#### [What is being asked]
An exact copy of the records is needed; please leave the images out.

#### [Provided records]
»»
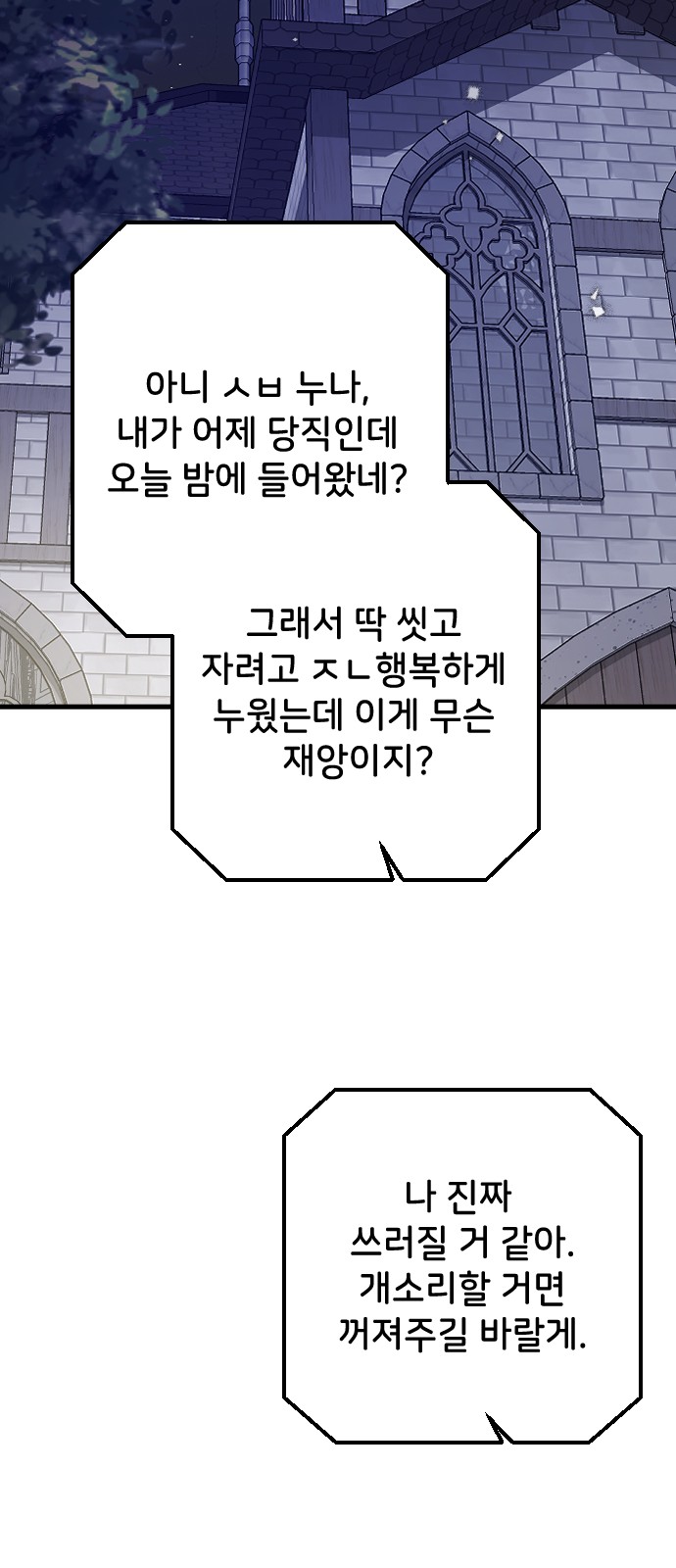 79 페이지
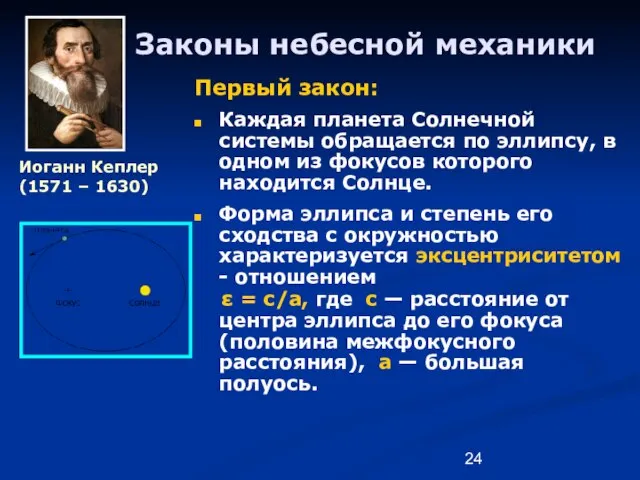 Законы небесной механики Первый закон: Каждая планета Солнечной системы обращается по эллипсу,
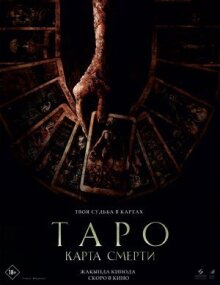 Таро: Карта смерти онлайн бесплатно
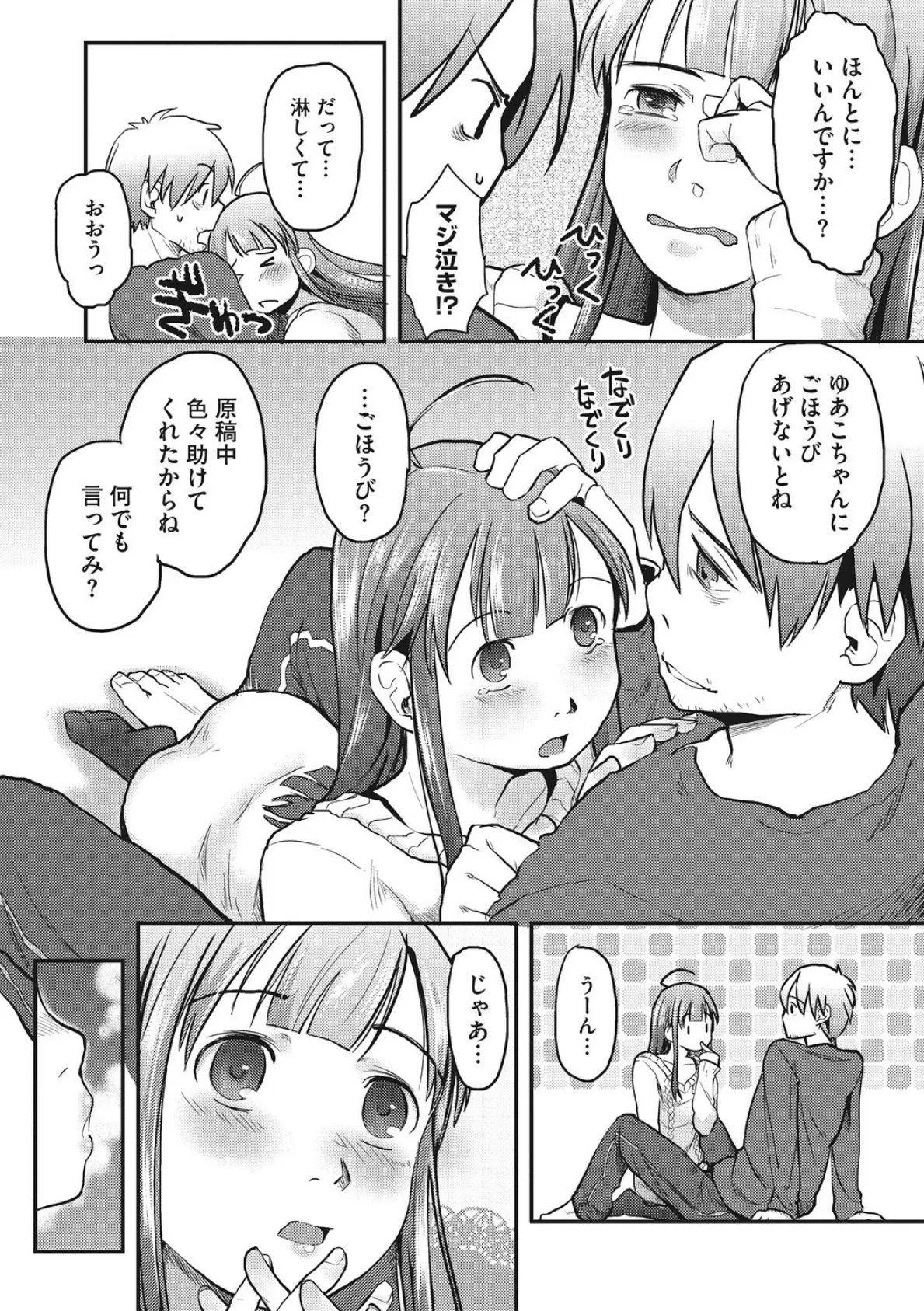 LQ Vol.067 30ページ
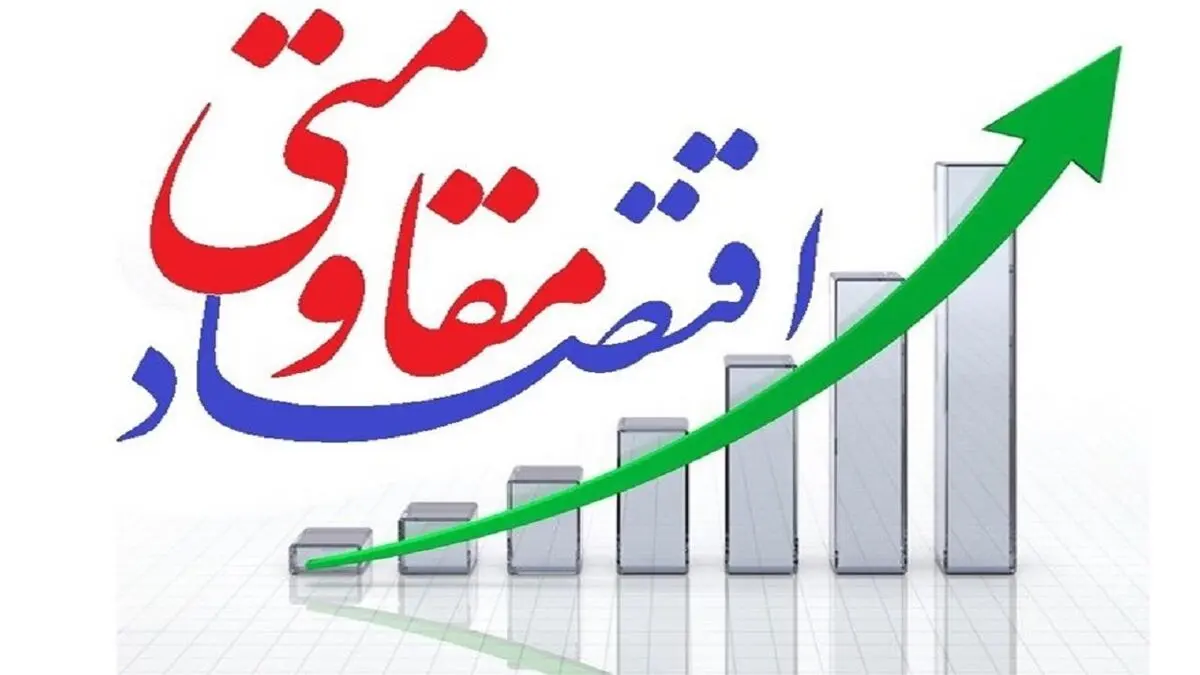 مقاومت برخی‌ها در برابر اقتصاد مقاومتی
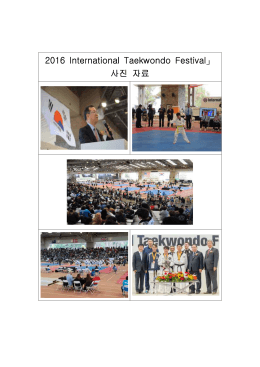 2016 International Taekwondo Festival」 사진 자료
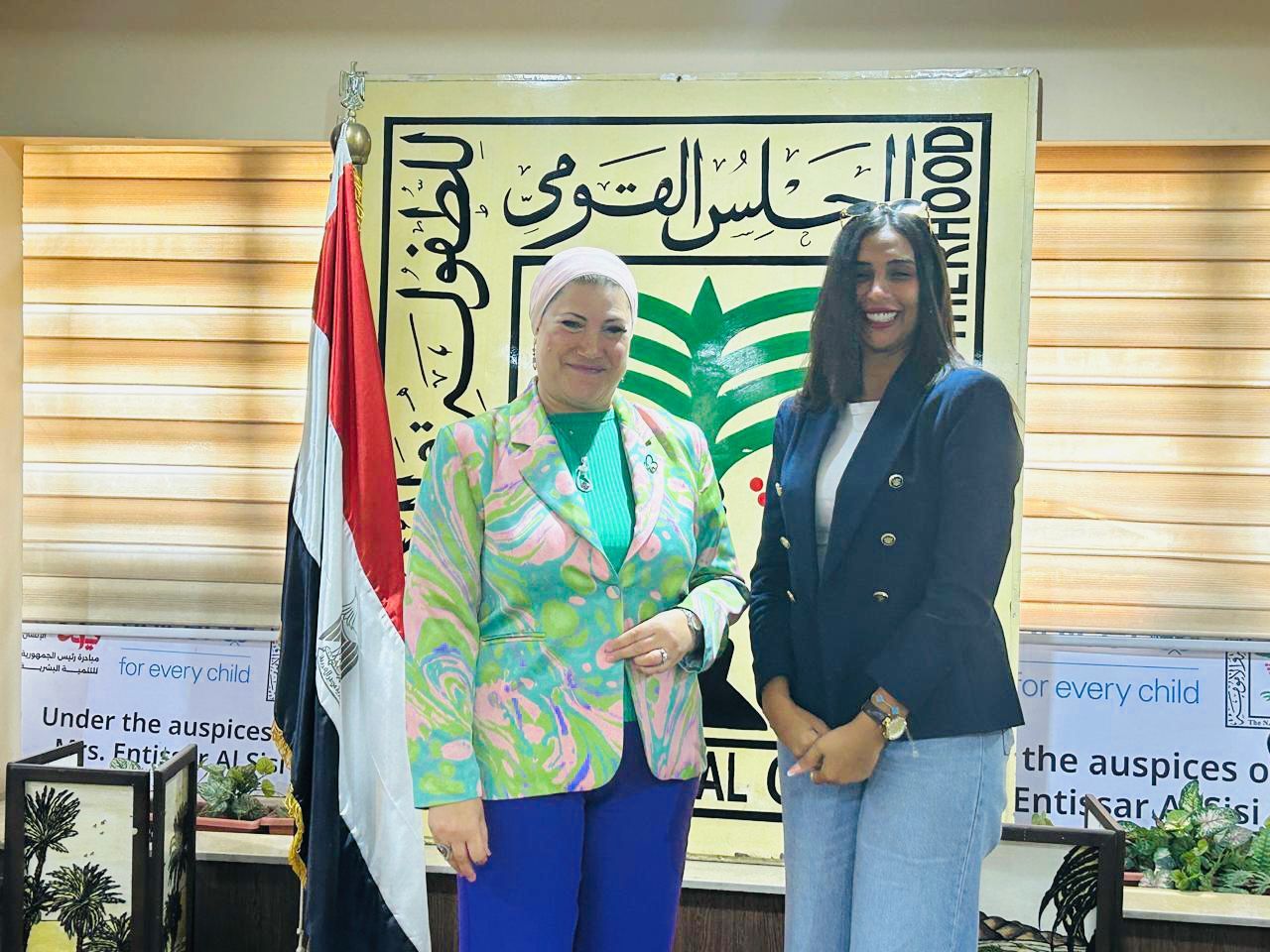 تقديرا لدورها البارز في دعم حقوق الأطفال والأمهات... أنتي الأهم تكرم رئيسة المجلس القومي للطفولة والأمومة - الخليج الان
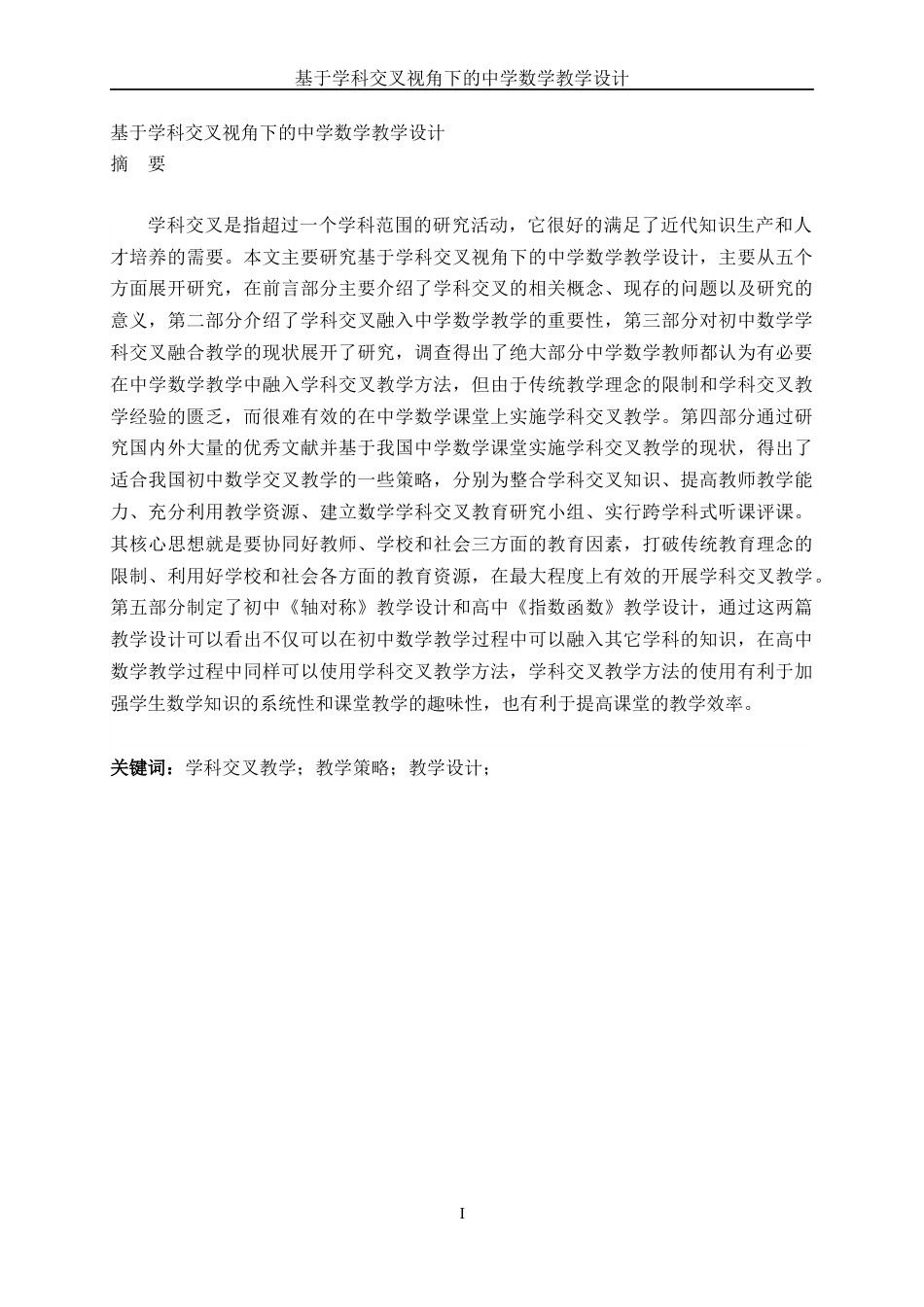 26年ZY基于学科交叉视角下的中学数学教学设计.docx三稿_第1页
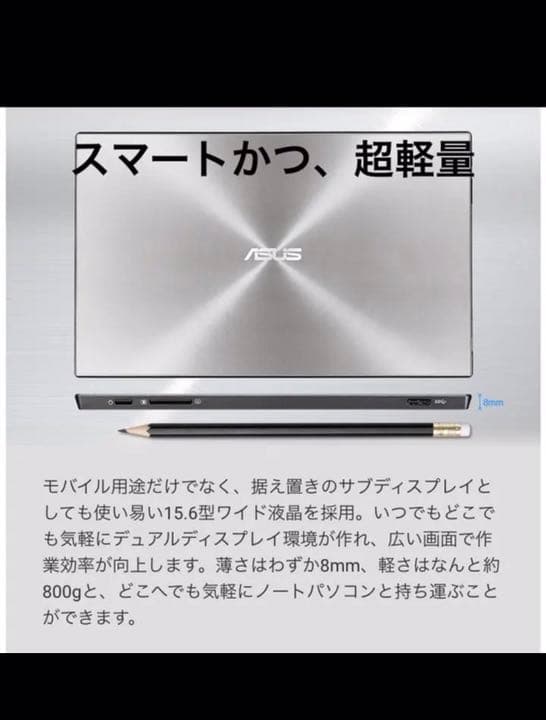 【最終値下げ】MB168B＋　送料込み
««
#### [Reply]
 79 페이지
 Законы небесной механики Первый закон: Каждая планета Солнечной системы обращается по эллипсу,
 Таро: Карта смерти онлайн бесплатно
 LQ Vol.067 30ページ
 مقاومت برخی‌ها در برابر اقتصاد مقاومتی
 2016 International Taekwondo Festival」 사진 자료
 تقديرا لدورها البارز في دعم حقوق الأطفال والأمهات... أنتي الأهم تكرم رئيسة المجلس القومي للطفولة والأمومة - الخليج الان
 26年ZY基于学科交叉视角下的中学数学教学设计.docx三稿_第1页
 【最終値下げ】MB168B＋　送料込み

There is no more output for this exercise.